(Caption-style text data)
..............................
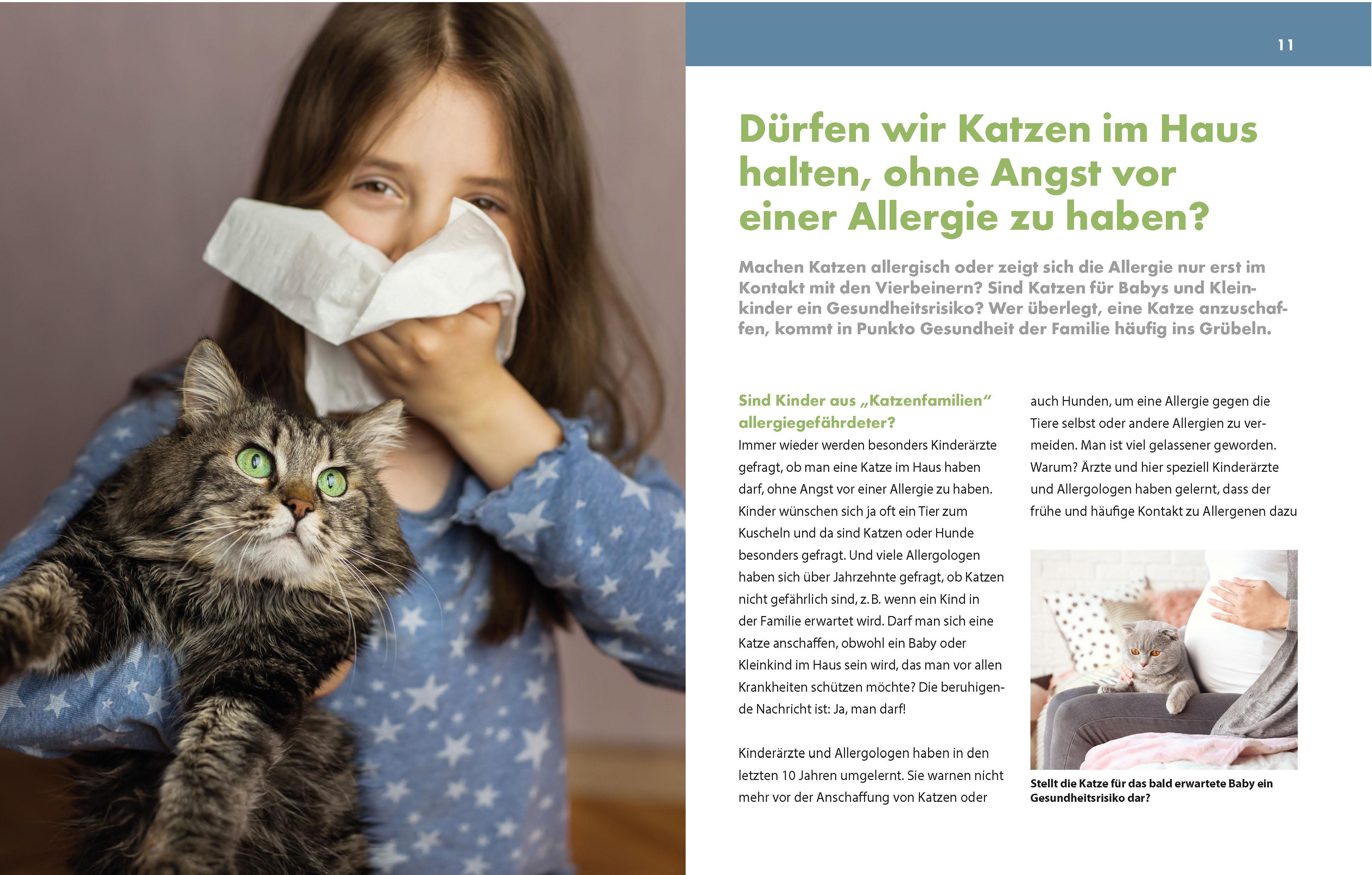 Beispielinhalt (Bild) Diagnose Katzenallergie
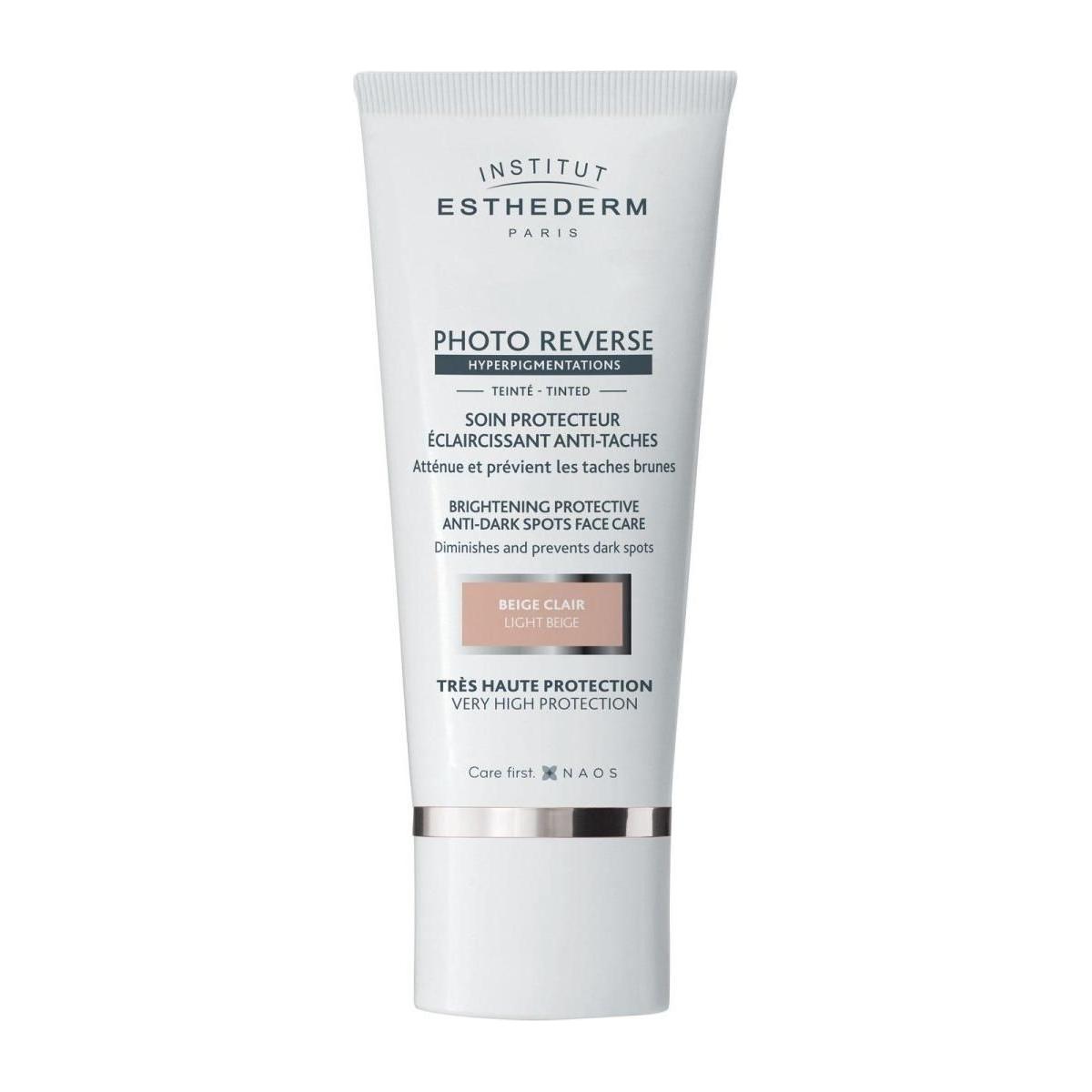 Institut Esthederm Brightening Face Sun Protection SPF 50+ Tinted – 50ml | Maximum Sun Protection & Hyperpigmentation Prevention Esthederm Brightening Face Sun Protection SPF 50+ Tinted - 50ml - Glam Global UKEsthederm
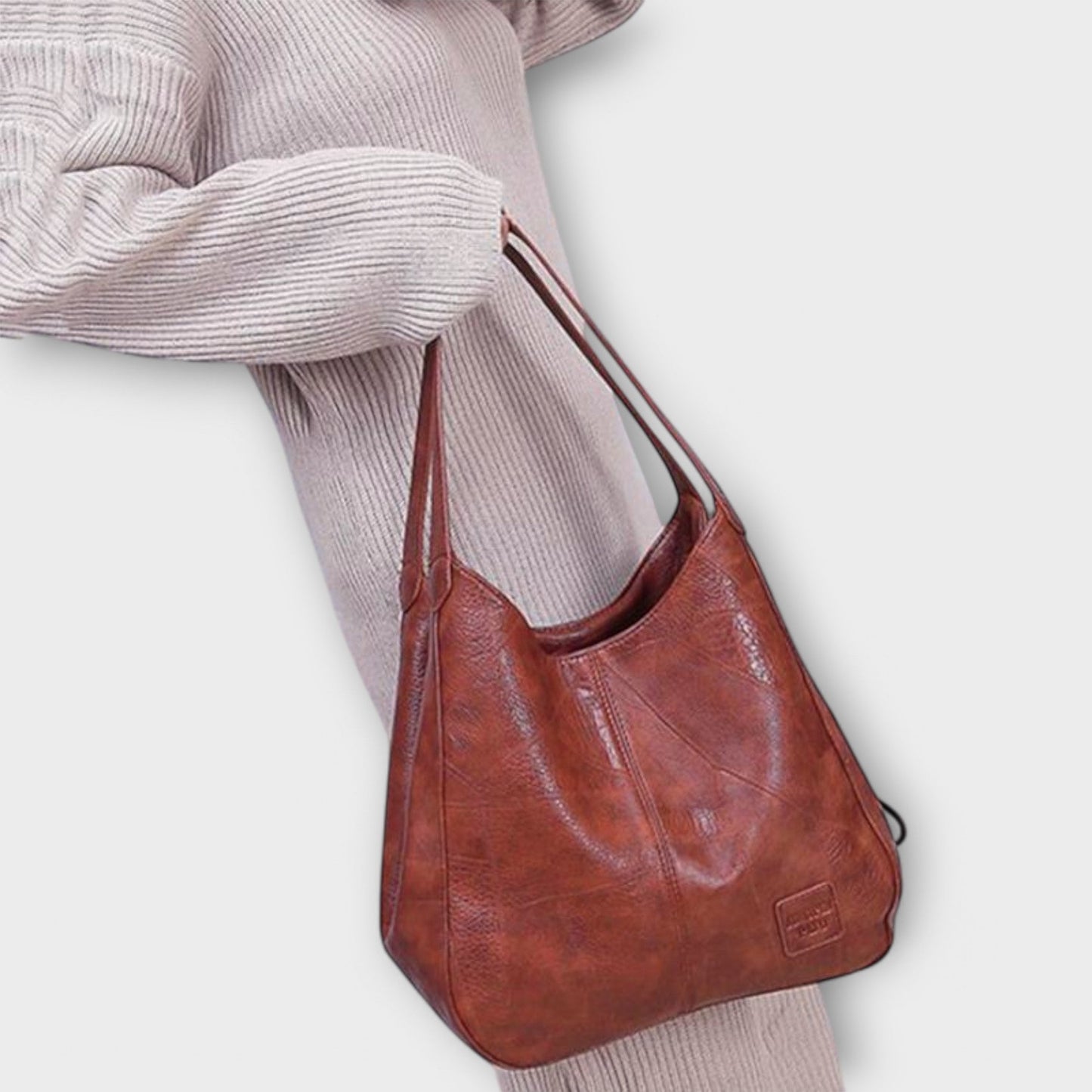 Sac en cuir vintage Aurellia - Design spacieux et élégant pour un usage quotidien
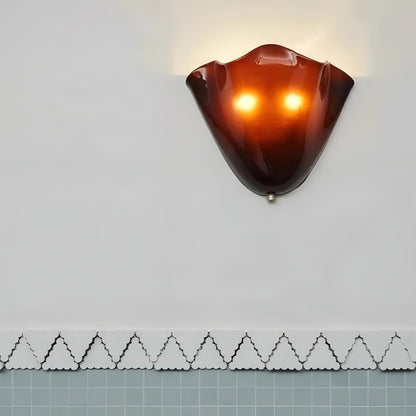 VINTGLOW Stained Glass LED Wall Lamp
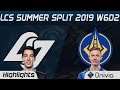 CLG vs GGS Highlights LCS Summer 2019 W6D2 Counter Logic Gaming vs Golden Guardians LCS Highlights b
..............................
**WHAT THIS TASK INVOLVES**
Write the lines above out again exactly, excluding every picture.

**WRITTEN SOLUTION**
 Beispielinhalt (Bild) Diagnose Katzenallergie
 Institut Esthederm Brightening Face Sun Protection SPF 50+ Tinted – 50ml | Maximum Sun Protection & Hyperpigmentation Prevention Esthederm Brightening Face Sun Protection SPF 50+ Tinted - 50ml - Glam Global UKEsthederm
 Sac en cuir vintage Aurellia - Design spacieux et élégant pour un usage quotidien
 VINTGLOW Stained Glass LED Wall Lamp
 CLG vs GGS Highlights LCS Summer 2019 W6D2 Counter Logic Gaming vs Golden Guardians LCS Highlights b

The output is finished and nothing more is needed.